Crash Course is another game that is a valuable resource to educators in talking about mental health. A patient comes in for treatment for injuries from a car accident that he caused, and he appears to be suffering from an enormous amount of guilt. However, he doesn’t want further treatment. Students learn more about PTSD – its symptoms and treatment options – and must assess the situation to decide whether to refer the patient for therapy.
In the post-game discussion questions and debate, students are invited to explore mental health and learn some practices around effectively managing their own emotional and mental wellbeing. Educators can use this as a springboard to lead guided discussions to support their students.
Play High Anxiety and Crash Course by signing up for a free Read to Lead account.
Both games, like all other games on the Read to Lead platform, can be played independently and work as stand-alone lessons for students. Our accompanying extension activities can be used to foster more self-awareness and self-management among students.
By sparking meaningful discussions, we hope to normalize the topic of mental health and emphasize the importance of implementing proactive strategies to maintain mental wellbeing and asking for help when needed.
This activity will help students identify their feelings, explore strategies to manage anxiety, and make space to uplift each other.
This activity helps students think more deeply about their own mental health and promotes the importance of taking care of their mental and emotional wellbeing.
Read to Lead’s Top Picks for Information for Educators on Mental Health
We curated some of our top picks for educators on how best to approach mental health with your students.
• Mental Health Month, Mental Health America has compiled an extensive repository of information and printables on specific topics relating to mental health.
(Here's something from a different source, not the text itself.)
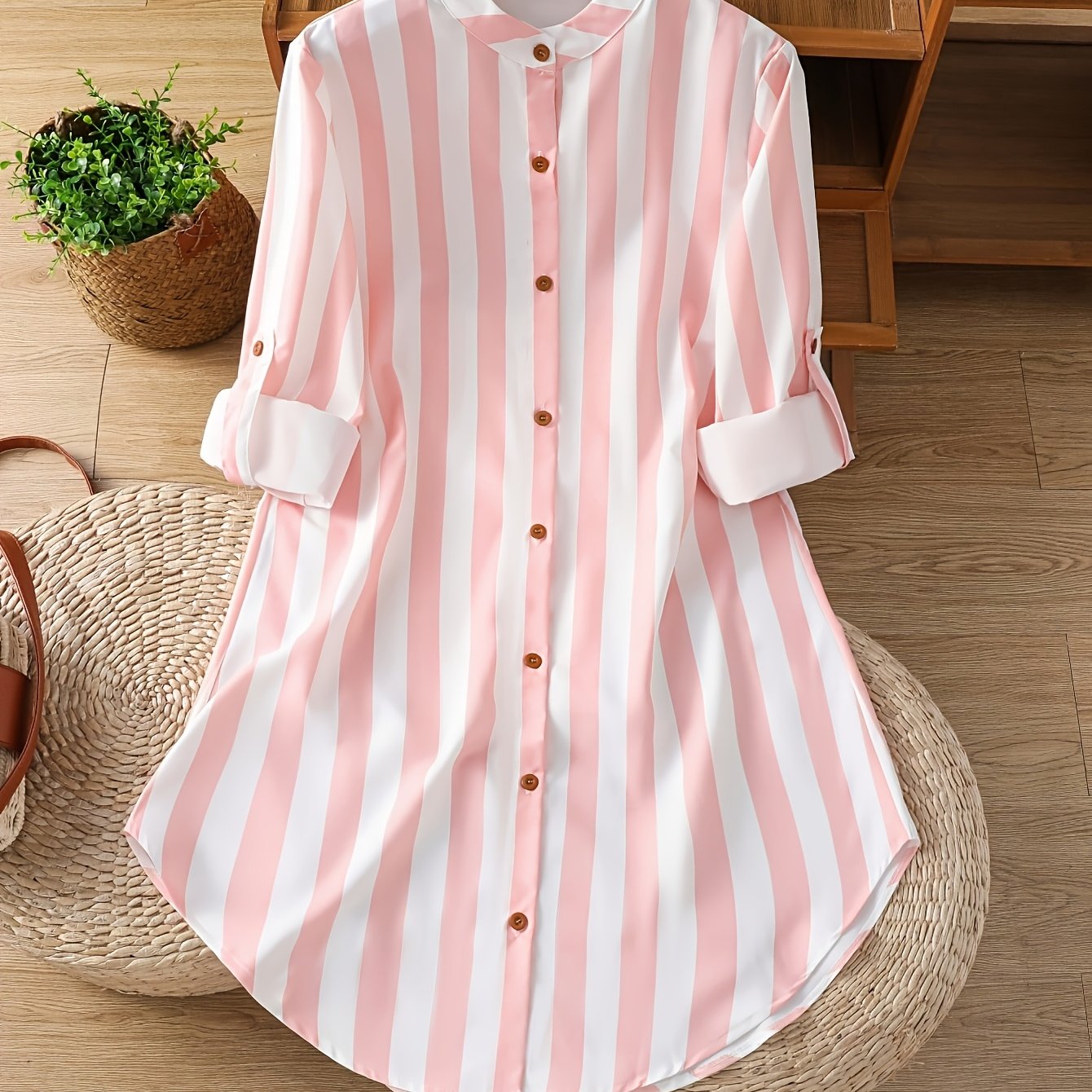 TEMU Women's Fashion Striped Long Shirt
These resources are research-backed and can be shared with your students remotely.
• Child Mind Institute offers excellent classroom strategies and information on learning issues and the connection to mental health.
• Edutopia is also a useful platform with resources for educators to address any behavioral, emotional, or social challenges their students may be facing.
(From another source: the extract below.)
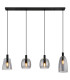Garri Bar Pendant Ceiling Light Matt Black Smoke Glass Shade 4x E14-3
There is no doubt that this is a difficult period for students and educators alike. Our students may be more susceptible to mental health issues, and as educators, we need to provide the necessary support to help them navigate these complex times.
By engaging students in meaningful discussions and providing them with tools to manage their mental and emotional wellbeing at this time, we are not only addressing their immediate needs, but also equipping them with skills for the future as well.